| Source material |
/---

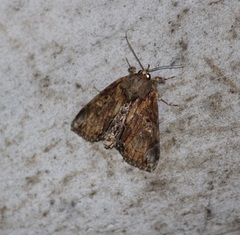 Lepidoptera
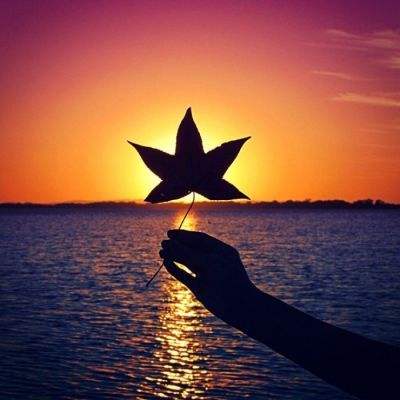 hth·华体育官方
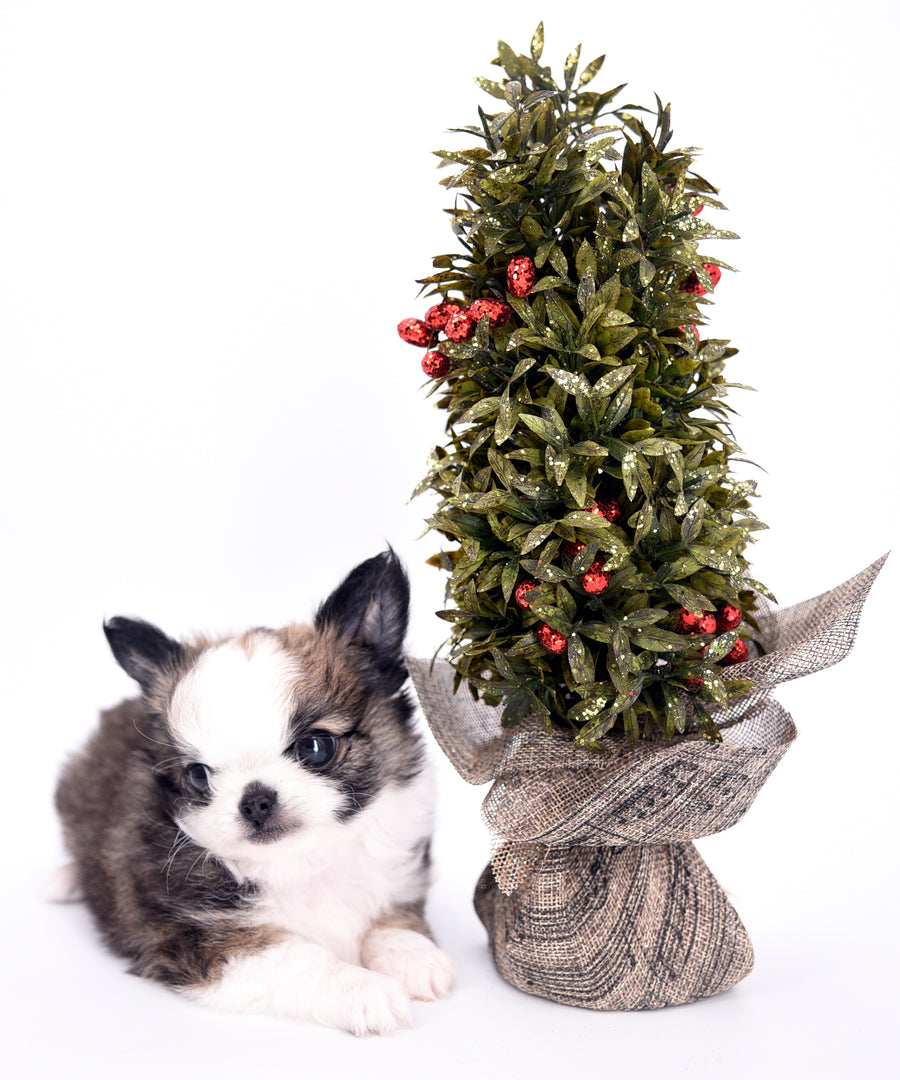 Starbucks SC white sable Micro Boy
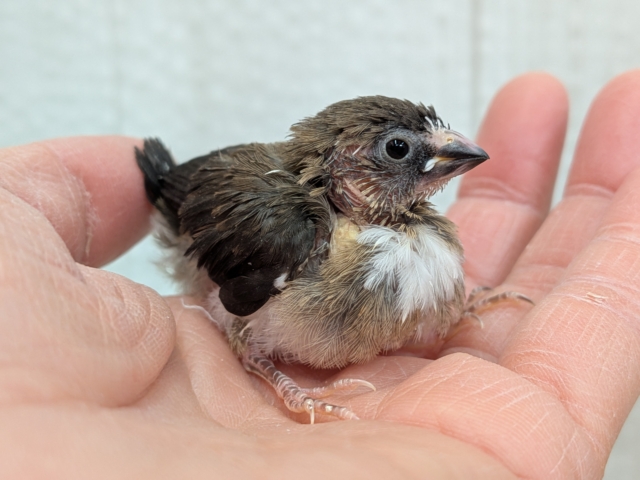 十姉妹（ジュウシマツ）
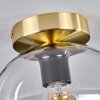Apedo Deckenleuchte Glas 20 cm Gold, Schwarz, 1-flammig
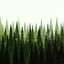 Realism Reborn logo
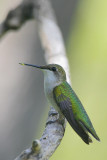 Ruby-throated Hummingbird
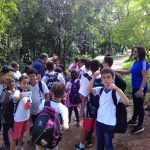 visita-bosque-maia (2)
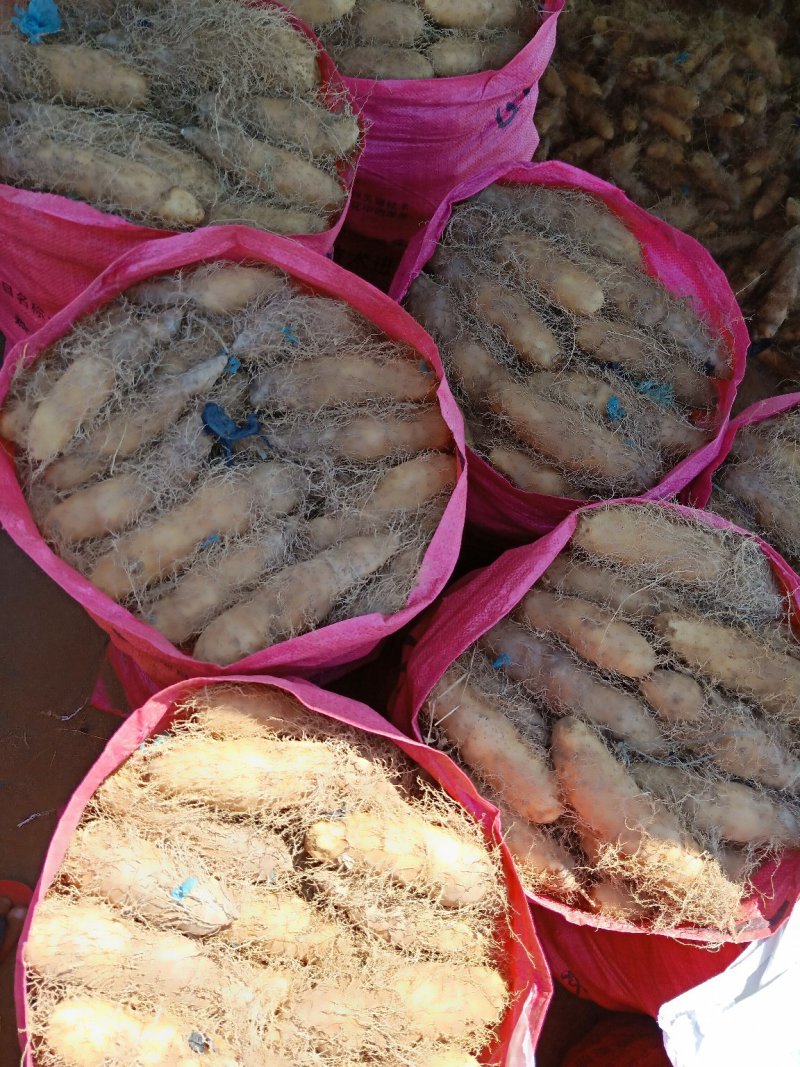 红沙泥毛薯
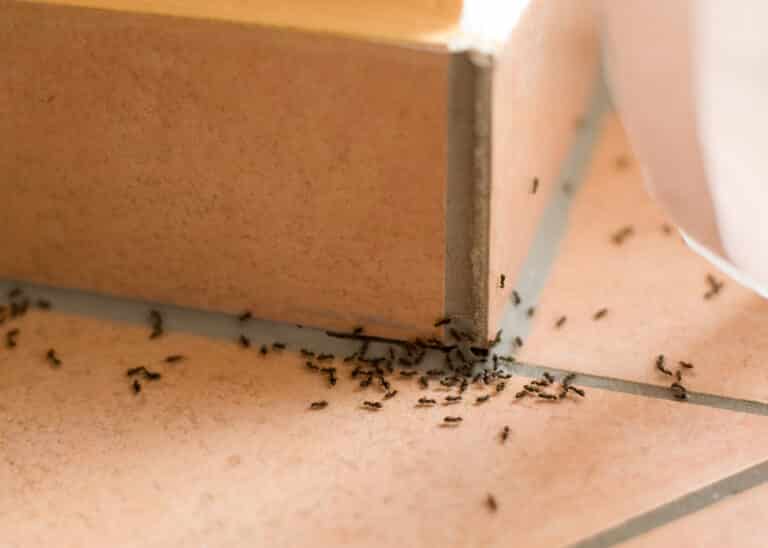 Ants In Bed 768x548 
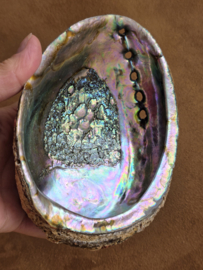 Abalone schelp groot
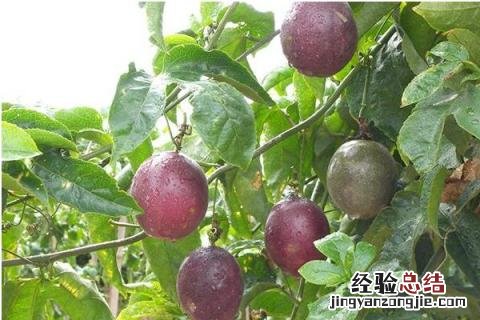 农业致富有什么好项目，根据实际情况选择项目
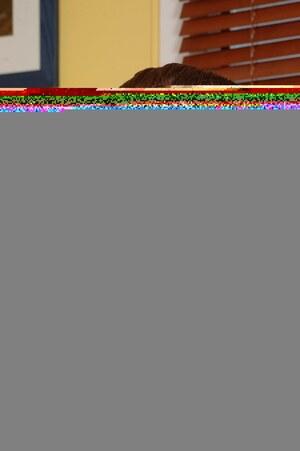 Original 1800 px/ 2707 px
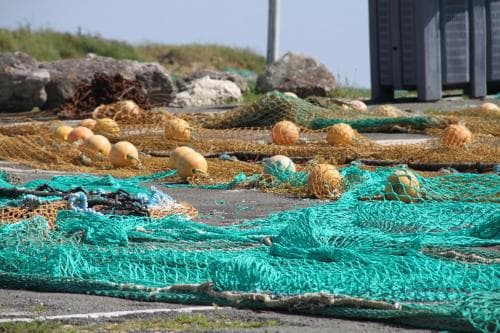 Face aux Flots
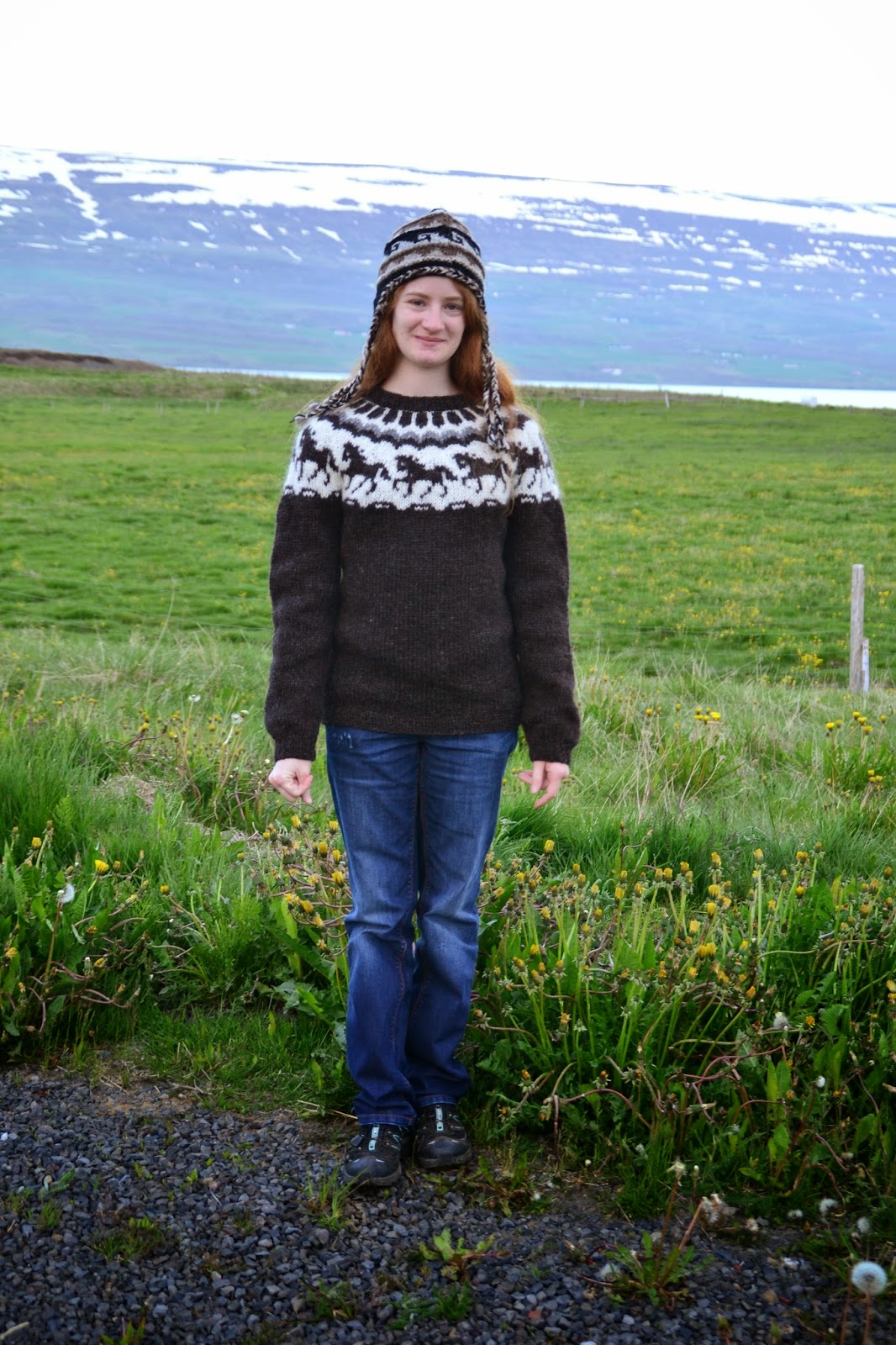 Islandaufenthalt Mein Islandpulli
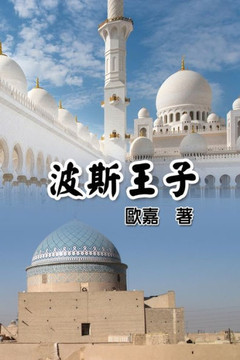 Prince Of Persia: ???? (Chinese Edition)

\---

| Task prompt |
For this exercise, transcribe exactly only the lines from the one containing "Original 1800 px/ 2707 px" through the end of the listing, inclusive, without the pictures.

| Exercise answer |
 Original 1800 px/ 2707 px
 Face aux Flots
 Islandaufenthalt Mein Islandpulli
 Prince Of Persia: ???? (Chinese Edition)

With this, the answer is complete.